* Given data:

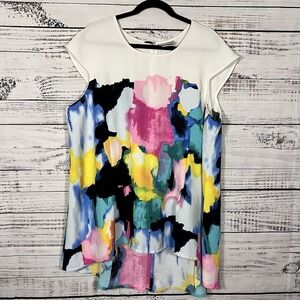 Lela Rose X Lane Bryant Blouse Women's 22 Abstract Watercolor Floral Hi-Lo Top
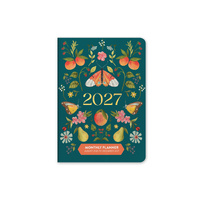 2027 17-Month Planner Orange Circle Just Right 191x248mm Month to View Fruit & Flora, 27353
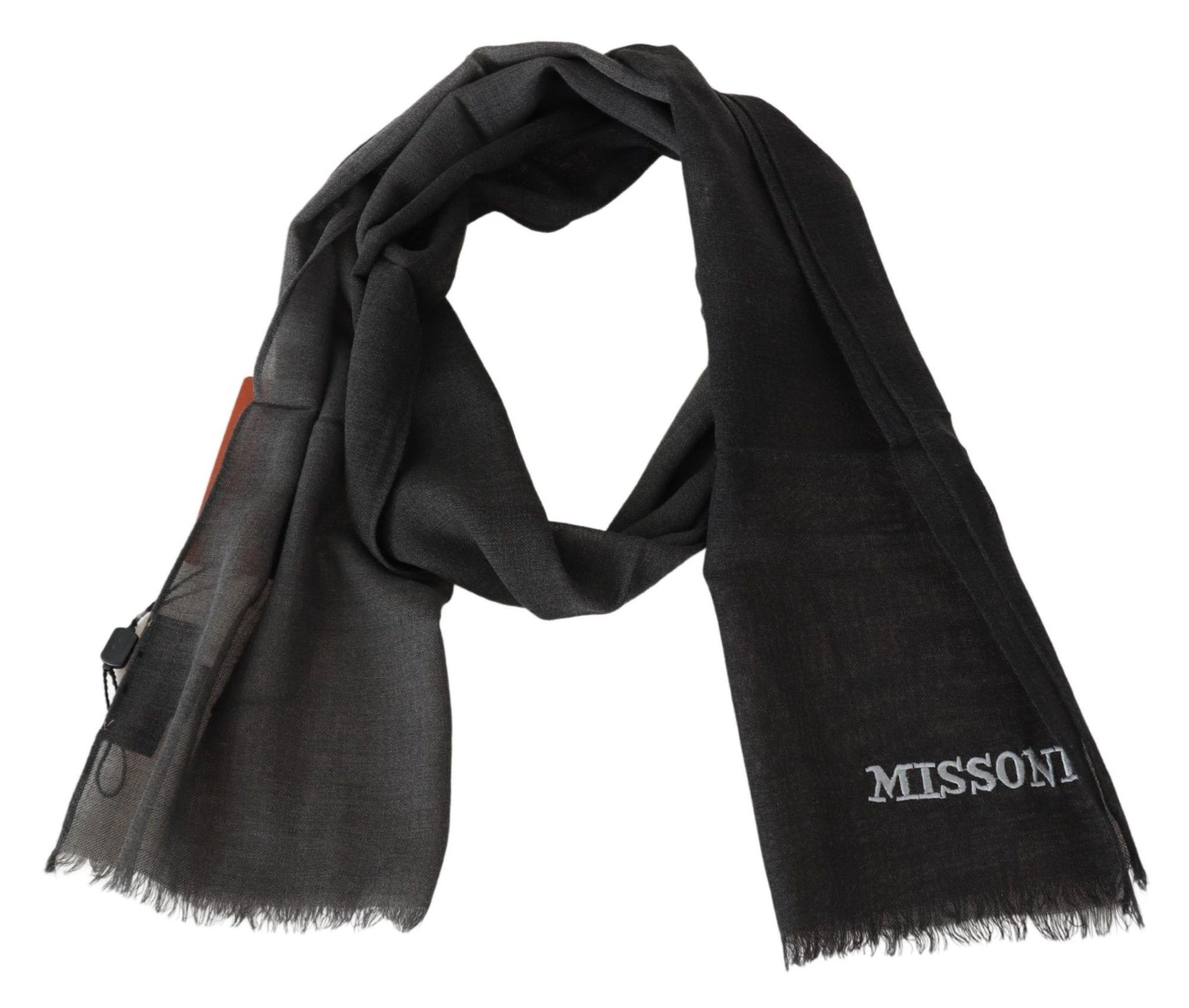Missoni Black Wool Unisex Neck Wrap Shawl Fringes Logo Scarf - Maison Luxe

* Exercise requirements: Repeat the listing word for word, but without its pictures.

* Your solution:
 Lela Rose X Lane Bryant Blouse Women's 22 Abstract Watercolor Floral Hi-Lo Top
 2027 17-Month Planner Orange Circle Just Right 191x248mm Month to View Fruit & Flora, 27353
Missoni Black Wool Unisex Neck Wrap Shawl Fringes Logo Scarf - Maison Luxe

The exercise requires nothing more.